» Prompt
Transcribe each line below verbatim; pictures excluded.

» Captioned web image data
[Start of Attachment]

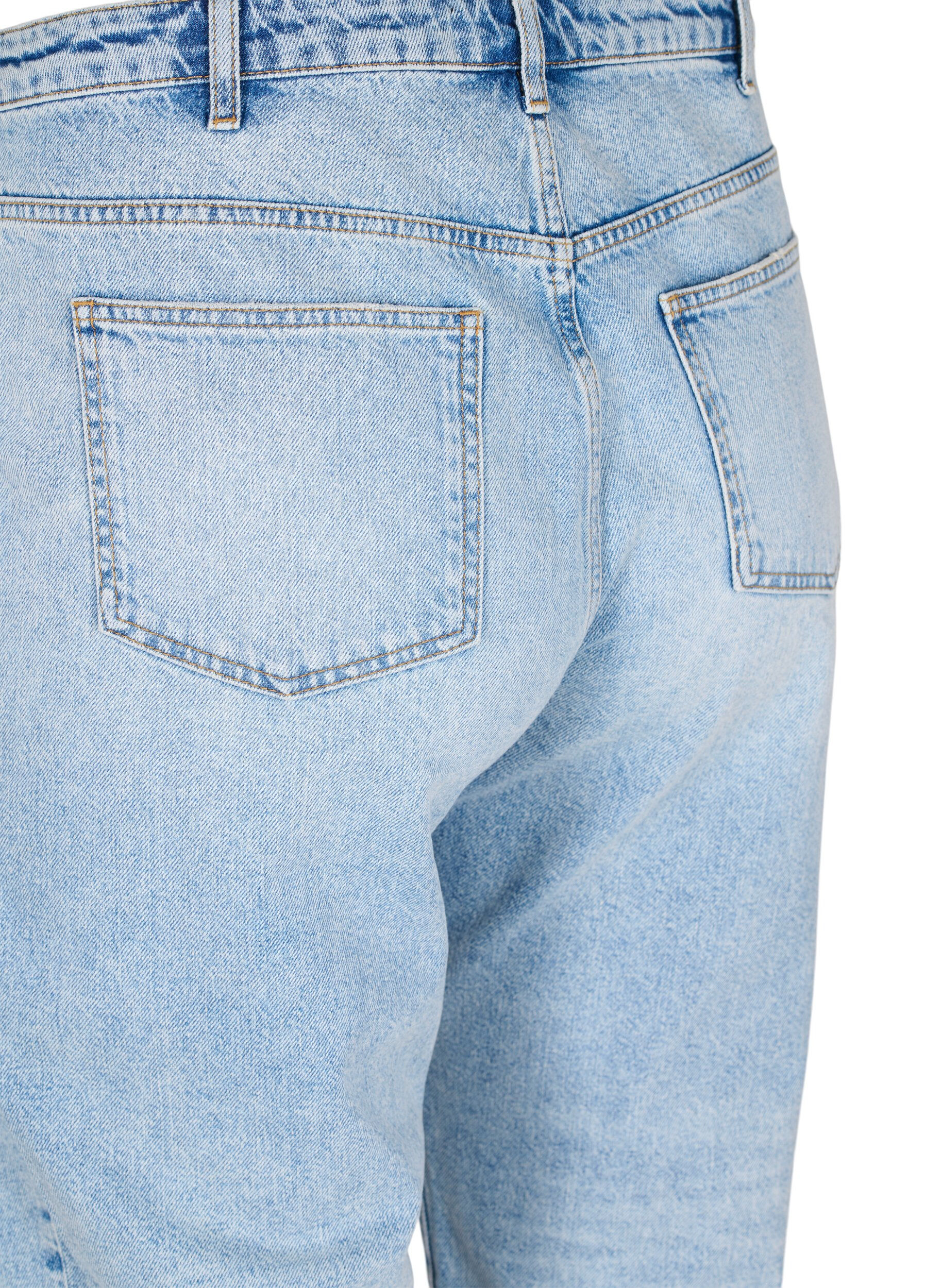 Zizzi Cropped Vera jeans met studs, Light blue denim, Packshot image number 3
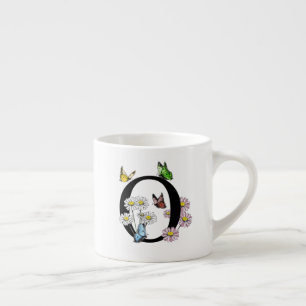 Letter O Floral Butterfly Monogram Initial Espresso Cup
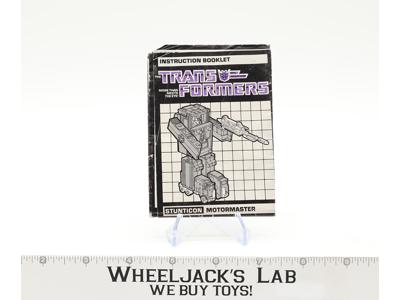 Motormaster Instruction Manual Booklet 1985 Hasbro G1 Transformers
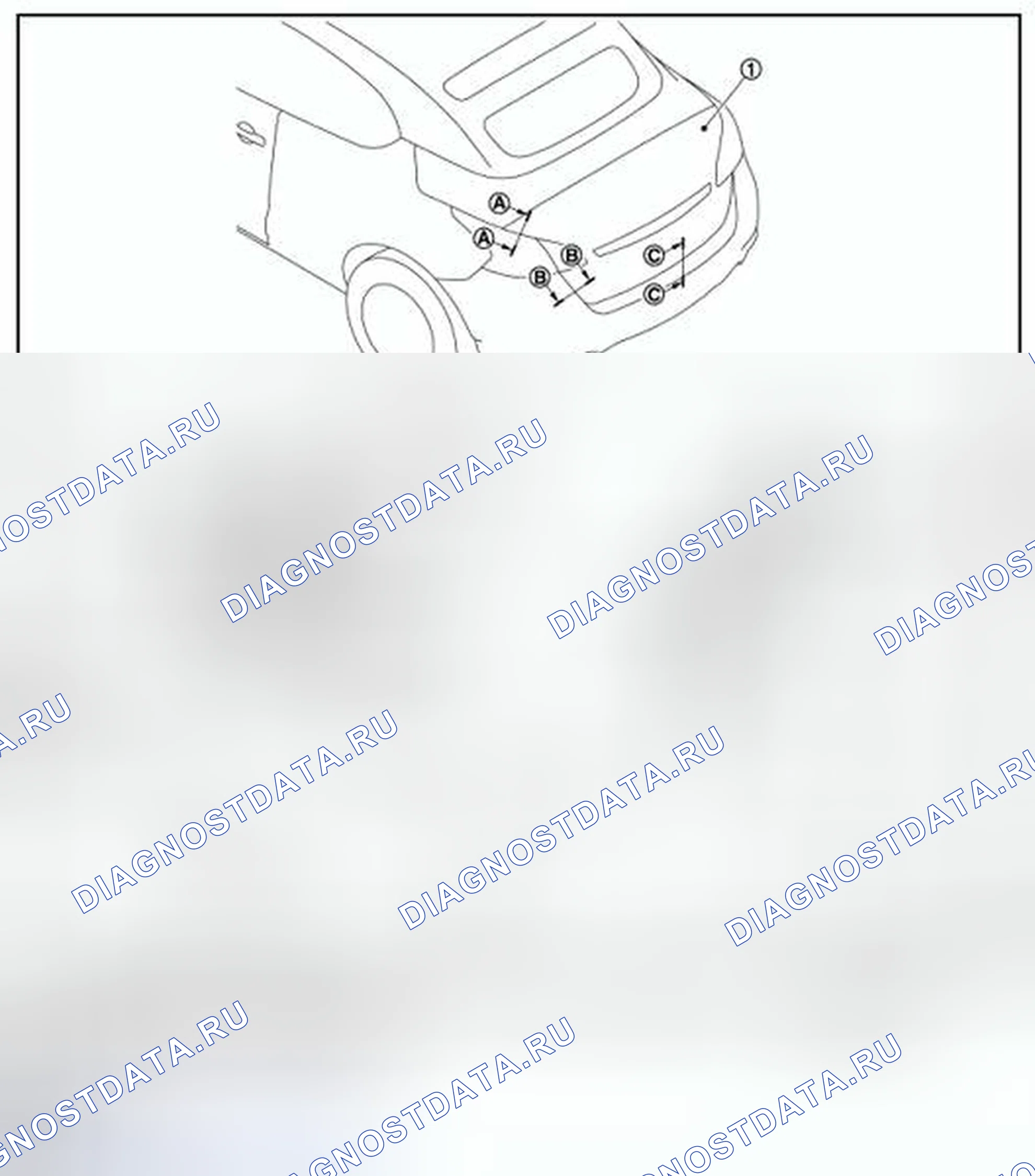 Рис. 109: УЗЕЛ КРЫШКИ БАГАЖНИКА: Регулировка. Nissan Murano Z51 рестайлинг 2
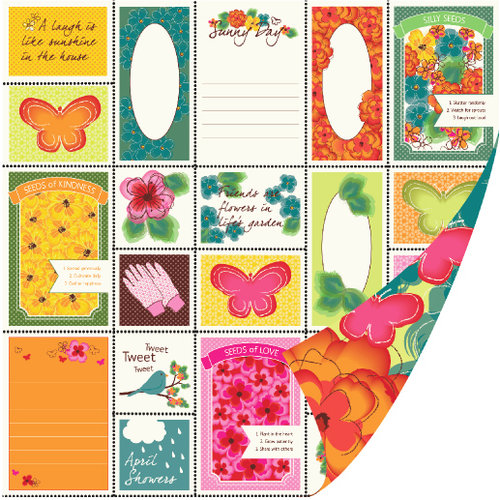 SEI - Sunny Day Collection - 12 x 12 Double Sided Perforated Paper - Garden Variety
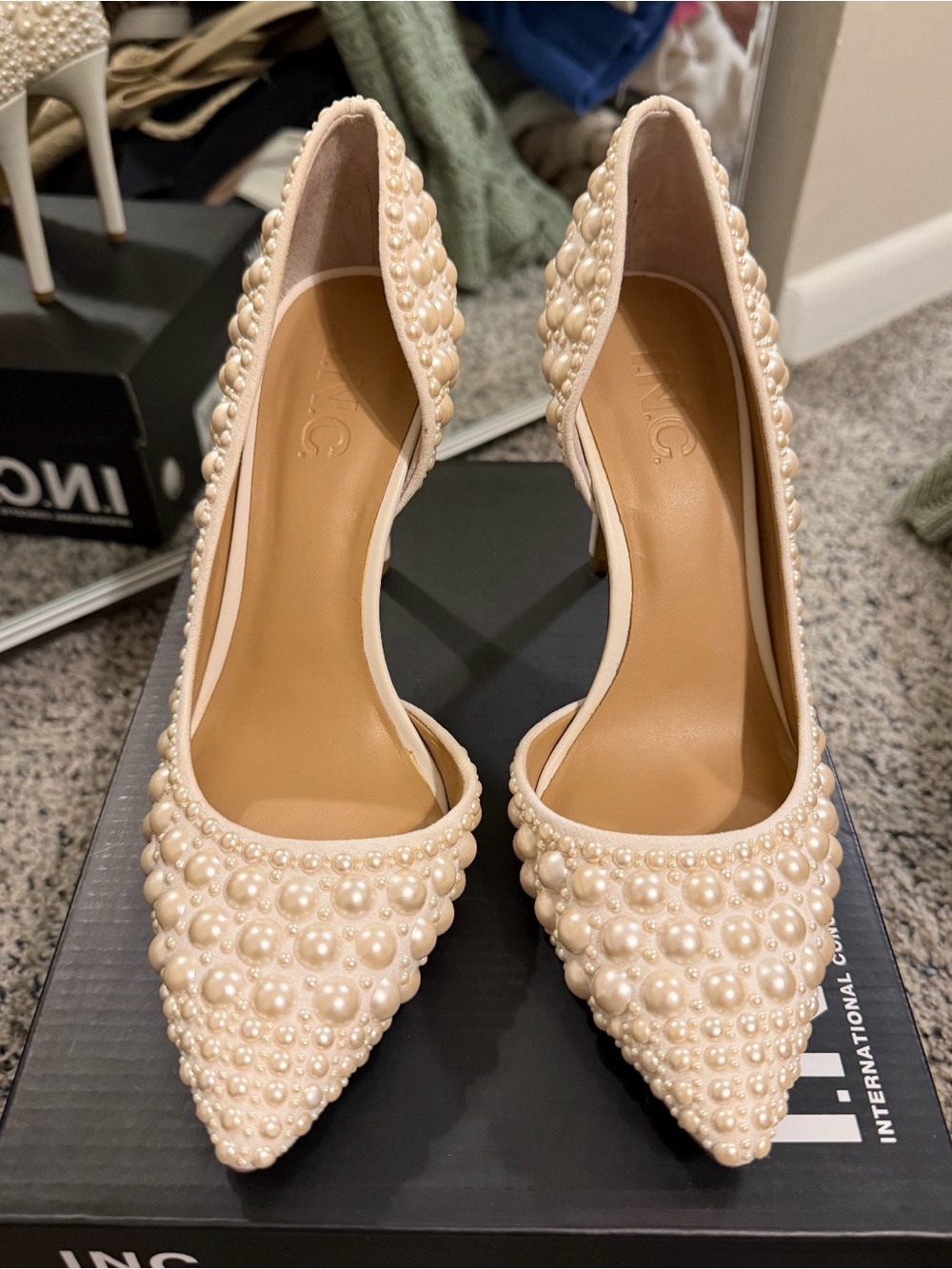 INC International Concepts Pearl-Embellished Pointed Toe Pumps - Ivory Cream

[End of Attachment]

» Solution
 Zizzi Cropped Vera jeans met studs, Light blue denim, Packshot image number 3
 Letter O Floral Butterfly Monogram Initial Espresso Cup
 Motormaster Instruction Manual Booklet 1985 Hasbro G1 Transformers
 Рис. 109: УЗЕЛ КРЫШКИ БАГАЖНИКА: Регулировка. Nissan Murano Z51 рестайлинг 2
 SEI - Sunny Day Collection - 12 x 12 Double Sided Perforated Paper - Garden Variety
 INC International Concepts Pearl-Embellished Pointed Toe Pumps - Ivory Cream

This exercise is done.